Abstract

Bioimpedance cardiography has been suggested as a noninvasive means to monitor cardiac function. However, this method has not been compared to more conventional techniques such as echocardiography. This study compared simultaneously obtained thermodilution cardiac output and right ventricular ejection fraction (RVEF), and echocardiographic left ventricular fractional shortening (LVFS), to bioimpedance cardiac output and the maximum first derivative of the bioimpedance signal (dZ/dtmax) during positive inotropic stimulation and preload reduction. Eight pigs were instrumented with a rapid response thermistor (positioned in the pulmonary artery) and bioimpedance electrodes.
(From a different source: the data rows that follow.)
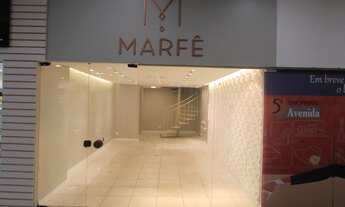 Imagem 6: LOJA DE GALERIA NO SHOPPING 5ª AVENIDA SAVASSI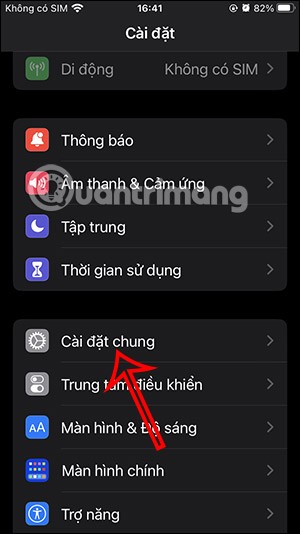 iPhone klavyesinde sık kullanılan emojiler nasıl silinir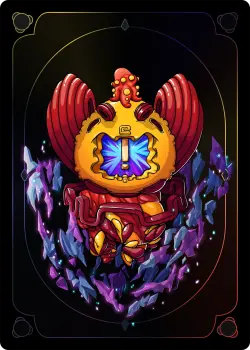 Token #53361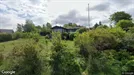 Lejlighed til salg, Glesborg, &lt;span class=&quot;blurred street&quot; onclick=&quot;ProcessAdRequest(3158101)&quot;&gt;&lt;span class=&quot;hint&quot;&gt;Se vej-navn&lt;/span&gt;[xxxxxxxxxx]&lt;/span&gt;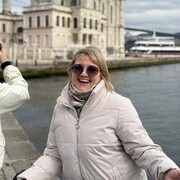  ,   , 58 ,   c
Simultaneous thermodilution, echocardiographic, and bioimpedance measurements were performed at baseline and after 5, 10, and 15 min of isoproterenol infusion (0.5 microgram/kg.min). In six pigs, measurements were also performed after balloon occlusion of the inferior vena cava. A significant correlation was observed between LVFS and dZ/dtmax (r = .88, n = 35) over all time points. Thermodilution and bioimpedance cardiac output were in close agreement (r = .92, n = 35). However, bioimpedance overestimated cardiac output in the very low and high output states. The mean difference between thermodilution and bioimpedance cardiac outputs was -0.02 +/- 0.37 L/min. There was a positive relationship between RVEF and dZ/dtmax (r = .54, n = 35). In summary, bioimpedance was significantly correlated with thermodilution cardiac output over a wide hemodynamic range. The peak first derivative of the bioimpedance signal dZ/dtmax may provide a noninvasive index of ventricular pump performance. Further studies are required to evaluate the diagnostic value of bioimpedance cardiography in the clinical setting.